The NC Early Hearing Detection and Intervention Program (NC EHDI), NC Infant Toddler Program Assistive Technology Funding (AT Funding), and the W. Paul Biggers Carolina Children’s Communicative Disorders Program (CCCDP)

are sources of funding for hearing aids for children under the age of three in

North Carolina.

There are many ENT/audiology clinics in our state participating in these funding programs. It is important to note there are also many that do not. Families can be surprised by a very large bill for hearing aids, or the need to change providers during the diagnostic and treatment process if they want to take advantage of these programs.

NC Early Hearing Detection & Intervention Program


The state-funded Early Hearing Detection and Intervention (EHDI) program provides funding for the initial set of hearing aids for children ages 0 to 3 who are diagnosed with permanent hearing loss at no cost to the family.

One time coverage includes a dispensing fee (with an initial supply of batteries), the cost of hearing aids, and earmolds.

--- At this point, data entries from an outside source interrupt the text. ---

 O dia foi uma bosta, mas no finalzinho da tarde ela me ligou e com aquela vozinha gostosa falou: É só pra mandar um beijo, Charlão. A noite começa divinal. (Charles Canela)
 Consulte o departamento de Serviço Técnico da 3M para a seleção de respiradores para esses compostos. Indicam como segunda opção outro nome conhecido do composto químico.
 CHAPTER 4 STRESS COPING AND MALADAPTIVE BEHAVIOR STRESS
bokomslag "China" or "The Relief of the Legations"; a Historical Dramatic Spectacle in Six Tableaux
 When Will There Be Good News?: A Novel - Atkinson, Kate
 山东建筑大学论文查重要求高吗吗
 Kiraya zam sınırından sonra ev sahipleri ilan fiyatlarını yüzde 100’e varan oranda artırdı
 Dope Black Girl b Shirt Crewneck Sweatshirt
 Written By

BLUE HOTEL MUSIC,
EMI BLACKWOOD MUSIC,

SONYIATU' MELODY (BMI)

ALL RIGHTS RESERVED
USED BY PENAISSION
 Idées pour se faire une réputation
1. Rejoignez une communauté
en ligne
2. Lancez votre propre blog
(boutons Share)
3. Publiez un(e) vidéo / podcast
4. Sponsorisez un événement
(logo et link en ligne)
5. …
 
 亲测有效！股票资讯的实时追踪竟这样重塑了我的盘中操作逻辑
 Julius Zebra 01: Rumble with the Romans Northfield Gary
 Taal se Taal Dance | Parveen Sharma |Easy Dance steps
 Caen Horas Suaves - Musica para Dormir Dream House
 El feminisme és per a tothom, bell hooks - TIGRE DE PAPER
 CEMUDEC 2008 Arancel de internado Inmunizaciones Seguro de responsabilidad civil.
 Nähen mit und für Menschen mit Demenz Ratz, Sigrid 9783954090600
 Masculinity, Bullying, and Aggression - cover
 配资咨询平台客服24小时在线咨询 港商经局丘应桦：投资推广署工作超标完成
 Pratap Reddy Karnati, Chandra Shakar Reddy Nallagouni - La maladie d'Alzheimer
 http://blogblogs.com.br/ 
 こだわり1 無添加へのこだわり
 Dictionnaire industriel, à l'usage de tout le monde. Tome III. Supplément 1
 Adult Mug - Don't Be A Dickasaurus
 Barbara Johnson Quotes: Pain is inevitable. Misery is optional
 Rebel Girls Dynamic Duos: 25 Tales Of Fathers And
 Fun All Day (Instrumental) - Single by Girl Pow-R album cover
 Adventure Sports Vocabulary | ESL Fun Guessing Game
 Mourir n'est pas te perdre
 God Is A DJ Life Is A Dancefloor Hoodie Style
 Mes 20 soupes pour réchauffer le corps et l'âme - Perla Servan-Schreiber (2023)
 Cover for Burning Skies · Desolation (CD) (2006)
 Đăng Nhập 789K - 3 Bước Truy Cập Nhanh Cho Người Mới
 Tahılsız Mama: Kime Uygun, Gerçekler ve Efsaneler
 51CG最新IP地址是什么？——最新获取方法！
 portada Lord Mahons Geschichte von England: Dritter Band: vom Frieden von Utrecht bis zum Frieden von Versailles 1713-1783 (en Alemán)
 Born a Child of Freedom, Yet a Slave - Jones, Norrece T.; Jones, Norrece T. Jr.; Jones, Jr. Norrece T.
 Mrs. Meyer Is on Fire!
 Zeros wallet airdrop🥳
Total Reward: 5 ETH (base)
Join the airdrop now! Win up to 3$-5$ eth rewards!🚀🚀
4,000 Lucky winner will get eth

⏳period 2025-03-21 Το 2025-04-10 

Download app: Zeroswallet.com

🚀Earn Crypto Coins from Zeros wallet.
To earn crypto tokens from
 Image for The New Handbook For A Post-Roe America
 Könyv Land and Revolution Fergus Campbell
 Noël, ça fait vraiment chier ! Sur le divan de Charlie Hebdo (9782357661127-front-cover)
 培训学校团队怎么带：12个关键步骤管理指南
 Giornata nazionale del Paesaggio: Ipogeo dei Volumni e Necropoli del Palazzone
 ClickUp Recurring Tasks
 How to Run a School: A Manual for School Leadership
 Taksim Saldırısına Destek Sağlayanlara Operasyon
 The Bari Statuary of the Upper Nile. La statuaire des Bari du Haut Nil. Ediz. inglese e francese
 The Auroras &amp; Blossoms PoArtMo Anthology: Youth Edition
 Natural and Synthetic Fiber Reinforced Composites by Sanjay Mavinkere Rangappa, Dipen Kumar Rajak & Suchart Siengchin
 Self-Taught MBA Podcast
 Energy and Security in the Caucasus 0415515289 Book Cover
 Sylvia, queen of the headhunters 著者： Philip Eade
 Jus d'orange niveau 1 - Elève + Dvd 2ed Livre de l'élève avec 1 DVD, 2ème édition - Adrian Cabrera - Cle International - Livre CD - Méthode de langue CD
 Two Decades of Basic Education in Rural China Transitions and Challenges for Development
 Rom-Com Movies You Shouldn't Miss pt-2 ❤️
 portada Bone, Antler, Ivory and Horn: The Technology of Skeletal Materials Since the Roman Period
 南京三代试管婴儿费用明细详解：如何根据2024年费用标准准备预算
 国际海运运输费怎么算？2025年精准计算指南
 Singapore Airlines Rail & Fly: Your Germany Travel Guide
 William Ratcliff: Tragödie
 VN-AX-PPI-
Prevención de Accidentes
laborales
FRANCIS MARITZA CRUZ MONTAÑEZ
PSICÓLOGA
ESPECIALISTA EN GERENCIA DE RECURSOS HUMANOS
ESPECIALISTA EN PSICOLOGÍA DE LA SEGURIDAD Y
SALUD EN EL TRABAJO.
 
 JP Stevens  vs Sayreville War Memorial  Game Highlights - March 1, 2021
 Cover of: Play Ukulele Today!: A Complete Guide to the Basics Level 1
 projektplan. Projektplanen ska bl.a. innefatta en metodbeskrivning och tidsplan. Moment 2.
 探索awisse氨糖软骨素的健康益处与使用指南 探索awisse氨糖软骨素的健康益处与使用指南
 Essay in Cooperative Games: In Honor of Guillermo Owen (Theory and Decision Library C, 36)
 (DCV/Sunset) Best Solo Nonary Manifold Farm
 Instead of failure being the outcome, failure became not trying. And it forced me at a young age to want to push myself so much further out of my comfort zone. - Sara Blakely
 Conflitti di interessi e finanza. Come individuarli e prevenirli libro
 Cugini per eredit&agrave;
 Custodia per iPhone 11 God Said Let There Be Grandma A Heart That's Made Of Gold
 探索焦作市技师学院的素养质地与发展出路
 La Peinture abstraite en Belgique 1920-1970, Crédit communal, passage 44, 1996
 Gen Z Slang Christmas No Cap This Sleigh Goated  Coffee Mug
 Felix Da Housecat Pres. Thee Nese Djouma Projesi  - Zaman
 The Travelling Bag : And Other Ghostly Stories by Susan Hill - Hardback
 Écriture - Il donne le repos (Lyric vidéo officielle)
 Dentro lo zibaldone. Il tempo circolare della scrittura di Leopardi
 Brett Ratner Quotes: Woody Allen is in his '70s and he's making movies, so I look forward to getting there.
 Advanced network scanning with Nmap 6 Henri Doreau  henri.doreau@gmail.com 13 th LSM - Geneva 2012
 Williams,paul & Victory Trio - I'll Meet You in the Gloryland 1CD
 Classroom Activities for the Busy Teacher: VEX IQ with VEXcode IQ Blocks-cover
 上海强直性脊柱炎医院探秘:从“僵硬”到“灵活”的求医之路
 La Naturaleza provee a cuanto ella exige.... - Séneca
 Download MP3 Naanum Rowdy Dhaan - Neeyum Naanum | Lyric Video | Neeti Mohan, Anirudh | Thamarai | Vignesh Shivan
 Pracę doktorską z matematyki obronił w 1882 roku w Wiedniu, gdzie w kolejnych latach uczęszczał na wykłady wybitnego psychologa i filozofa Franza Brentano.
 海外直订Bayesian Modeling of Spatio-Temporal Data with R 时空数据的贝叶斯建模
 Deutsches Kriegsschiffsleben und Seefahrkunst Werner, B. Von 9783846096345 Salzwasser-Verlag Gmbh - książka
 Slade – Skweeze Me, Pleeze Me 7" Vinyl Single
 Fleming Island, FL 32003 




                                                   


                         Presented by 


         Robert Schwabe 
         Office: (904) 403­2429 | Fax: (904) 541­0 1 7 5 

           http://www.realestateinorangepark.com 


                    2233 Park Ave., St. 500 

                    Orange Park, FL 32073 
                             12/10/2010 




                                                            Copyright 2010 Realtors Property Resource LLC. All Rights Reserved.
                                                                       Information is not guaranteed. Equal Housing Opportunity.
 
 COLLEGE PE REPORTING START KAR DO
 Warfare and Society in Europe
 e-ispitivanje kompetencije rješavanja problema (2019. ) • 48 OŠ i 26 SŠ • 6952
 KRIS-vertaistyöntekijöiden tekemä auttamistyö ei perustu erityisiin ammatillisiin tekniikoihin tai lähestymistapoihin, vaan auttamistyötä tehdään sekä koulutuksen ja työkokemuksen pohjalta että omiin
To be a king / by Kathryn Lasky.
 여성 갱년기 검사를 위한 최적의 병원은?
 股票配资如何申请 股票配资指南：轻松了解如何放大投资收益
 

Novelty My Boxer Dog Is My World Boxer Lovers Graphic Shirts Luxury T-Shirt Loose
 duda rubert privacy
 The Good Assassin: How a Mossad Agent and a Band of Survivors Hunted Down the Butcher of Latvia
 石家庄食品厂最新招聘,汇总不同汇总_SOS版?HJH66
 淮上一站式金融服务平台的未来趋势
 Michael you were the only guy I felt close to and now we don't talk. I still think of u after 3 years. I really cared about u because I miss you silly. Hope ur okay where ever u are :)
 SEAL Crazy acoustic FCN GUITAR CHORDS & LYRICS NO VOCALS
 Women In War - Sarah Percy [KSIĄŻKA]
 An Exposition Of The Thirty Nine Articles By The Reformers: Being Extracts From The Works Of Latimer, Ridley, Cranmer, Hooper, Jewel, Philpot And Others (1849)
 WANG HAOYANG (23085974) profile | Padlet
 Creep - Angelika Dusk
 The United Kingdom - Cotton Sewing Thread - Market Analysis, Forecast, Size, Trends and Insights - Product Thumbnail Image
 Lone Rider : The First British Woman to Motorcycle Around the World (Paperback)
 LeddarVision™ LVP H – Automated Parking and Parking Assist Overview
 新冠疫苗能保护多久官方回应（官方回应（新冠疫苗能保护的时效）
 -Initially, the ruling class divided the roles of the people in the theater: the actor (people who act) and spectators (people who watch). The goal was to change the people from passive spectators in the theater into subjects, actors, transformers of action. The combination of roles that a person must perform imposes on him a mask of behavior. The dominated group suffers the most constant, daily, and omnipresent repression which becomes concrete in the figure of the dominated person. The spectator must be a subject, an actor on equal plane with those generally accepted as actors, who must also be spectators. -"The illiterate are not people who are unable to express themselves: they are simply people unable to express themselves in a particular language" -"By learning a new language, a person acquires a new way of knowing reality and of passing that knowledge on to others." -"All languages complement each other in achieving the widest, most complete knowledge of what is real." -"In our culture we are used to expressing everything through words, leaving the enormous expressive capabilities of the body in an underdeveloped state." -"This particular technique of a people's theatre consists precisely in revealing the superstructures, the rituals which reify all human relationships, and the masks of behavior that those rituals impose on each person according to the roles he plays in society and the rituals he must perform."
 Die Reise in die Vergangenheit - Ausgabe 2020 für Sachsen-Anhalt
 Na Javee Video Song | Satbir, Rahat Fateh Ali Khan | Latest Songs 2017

EHDI funding reimburses using current Medicaid rates.

Children eligible for EHDI funding are younger than age 3 with a documented permanent hearing loss in one or both ears, do not have Medicaid, and may have private insurance without a hearing aid benefit. There are no income eligibility or citizenship requirements for inclusion in this program. (If insurance pays any amount, EHDI cannot cover the difference.)

The EHDI Initial Hearing Aid fund can provide coverage up to what Medicaid would pay only. It is the payer of last resort. This means that if an audiology practice chooses to participate in the EHDI Initial Hearing Aid program, they cannot bill the family the difference between Medicaid reimbursement rates and non-Medicaid rates for hearing aids and fitting. Although a clinic may be pre-approved for EHDI funding, it is not a guarantee of payment.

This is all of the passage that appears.